王子瑜的回归锡剧,不仅仅是狭义的向家族渊源回归,更深层的是关乎锡剧后来者能否在剧坛上有扛鼎举旗的人物。客观地说,他的进步有目共睹,从 《二泉映月》的青年阿炳到《繁漪》的周萍,都表现不俗并已有收获,但离艺术家那种炉火纯青、沉雄浑厚的表演境界还有距离,希望他不辱使命,珍惜家族的荣誉。艺术没有捷径,提升自己的文化内涵,用艺术家的精神对待艺术家的生活,别幻想一朝成名,把更多精力投入到坚持不懈地艺术修炼上来。
其三:精品突围:要形成机制。
我很不服气,锡剧老前辈留给我们的东西那么好,为什么这个剧种现在就落后了呢?因此,我觉得建立一个良好的艺术制度和公平有序的竞争机制非常必要,这样才能适应市场上呼唤精品的要求。我倡导:“以精品剧目树名,以艺术质量立足”,何谓精品?何为质量?比如,推一个剧目的时候,在准入方面是需要一定门槛的,必须经过较高艺术水准的论证之后才能上,而不是某天某人一拍脑袋,一个剧目就上了。剧目确认后,坚持精细操作,毫不懈怠。对演员也要建立一套科学评判的体系,比如我们团,本来有些演员不识谱,为了解决这个问题,2007年我们将这项指标和他们的工资挂钩,不达标就降工资,当然,这个抉择是比较艰难的,但是我们必须下狠心,此外,让艺术部门对演员进行科学评判和论证,让真正有实力的演员脱颖而出。两者齐抓,必有起色!如让南郭先生混迹锡剧舞台,那是自砸剧院的招牌。
其四:传承锡剧经典,从社区、戏迷和娃娃抓起。
弘扬地方特色文化,传承锡剧经典艺术,要从社区、戏迷和娃娃抓起。小王彬彬说,2013年以来,他将关注点更多地投向了推动锡剧传承的公益活动中。在市文联党组的领导下,市剧协设立 “锡剧传习班”,推动锡剧艺术进学校、社区。

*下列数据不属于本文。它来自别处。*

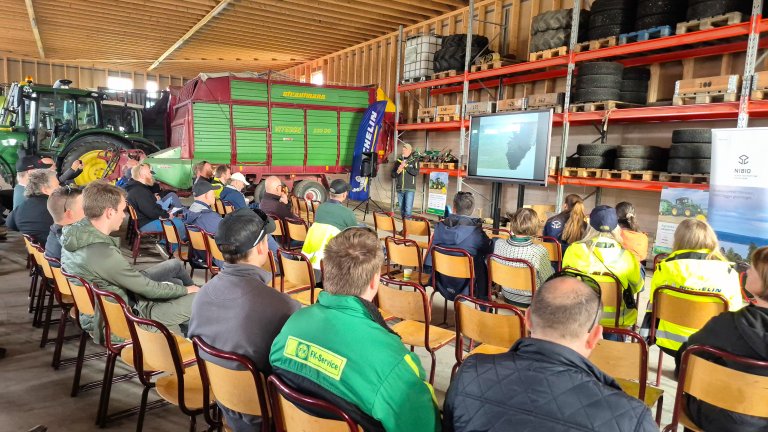 Ivrige deltagere på fagdag om jordpakking og bærekraftig grasproduksjon. Foto: Morten Günther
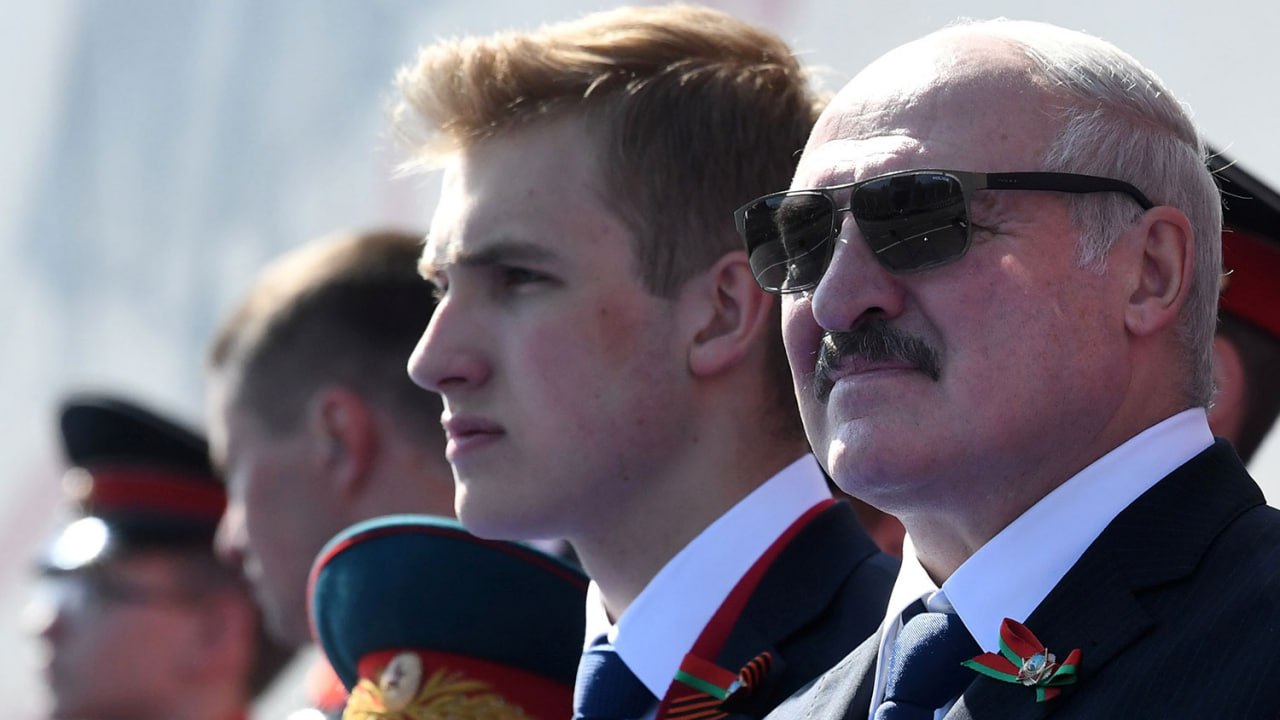 Лукашенко назначил своему сыну Николаю стипендию для одарённых детей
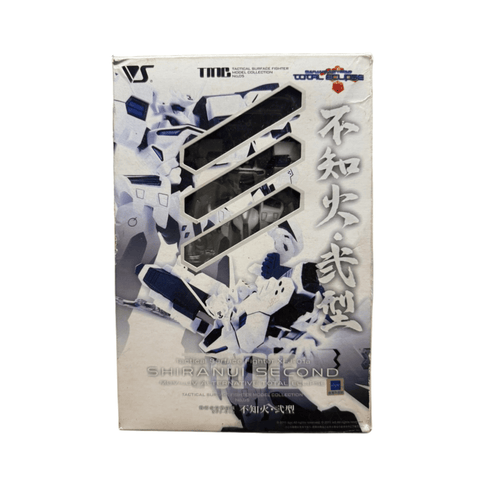 Front view of the boxed Muv-Luv Alternative: Total Eclipse Volks Shiranui Second model kit. The packaging includes a dynamic illustration of the mecha and a clear window revealing internal parts. Branding includes “TMP Tactical Surface Fighter Model Collection No.05,” “Type-01A SHIRANUI SECOND,” and “ALTERNATIVE TOTAL ECLIPSE.” Japanese text “不知火・弐型” confirms the unit name. Copyright credits to ACID Co., âge, and ixtl are printed at the bottom, verifying official licensing.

他身为省级非遗传承人、市剧协主席身体力行,在政府文化主管部门的支持下,带领市剧协积极开展 “吴韵流芳·名家讲堂”活动。他和其他锡剧名家一道,进高校,去小学,甚至在常州凤凰谷大剧院举办大型锡剧艺术讲座,由浅入深绘声绘色,人物表演与戏剧理论相结合,声情并茂通俗易懂。精彩的演讲,让现场听众大开眼界、受益匪浅。也缘于他的名声,讲座常常爆棚,很受欢迎。此外,他带领市剧协同行在山北街道惠麓社区建立 “锡剧传习班”,他带领市剧协业务骨干为社区青少年和新市民子女进行授课,推动锡剧艺术的传承;在锡剧博物馆设立了 “无锡市未成年人锡剧艺术传播中心”,无论是北塘区山北街道惠麓社区吴韵学堂、惠山区戏码头、新区江溪街道,还是苏州大学、辅仁高中、硕放小学、羊尖小学及市少年宫等地进行演讲表演,与市民、学生面对面交流,借此推广和普及传统戏曲艺术。通过锡剧艺术静态展示及组织公益演出等形式,向社会大众传播锡剧艺术。
吴韵流芳 名家讲堂
在2009、2013年举办的两届 “江、浙、沪锡剧票友大赛”中就凝聚了他对锡剧不懈的推广。仅第二届的比赛就吸引了近20座城市的900余名票友在10个分赛区报名参赛,其中少年组就有不少好苗子参赛,刷新了老戏迷一统天下的格局,使锡剧实现了群众层面上的薪火传承。
作为组织与策划者之一的小王彬彬说,我很愿意和其他锡剧名家一道,甘当绿叶,让票友和小戏迷成为舞台上的主角,扶持他们在艺术的道路上走得更远,也把我们的锡剧艺术发扬光大。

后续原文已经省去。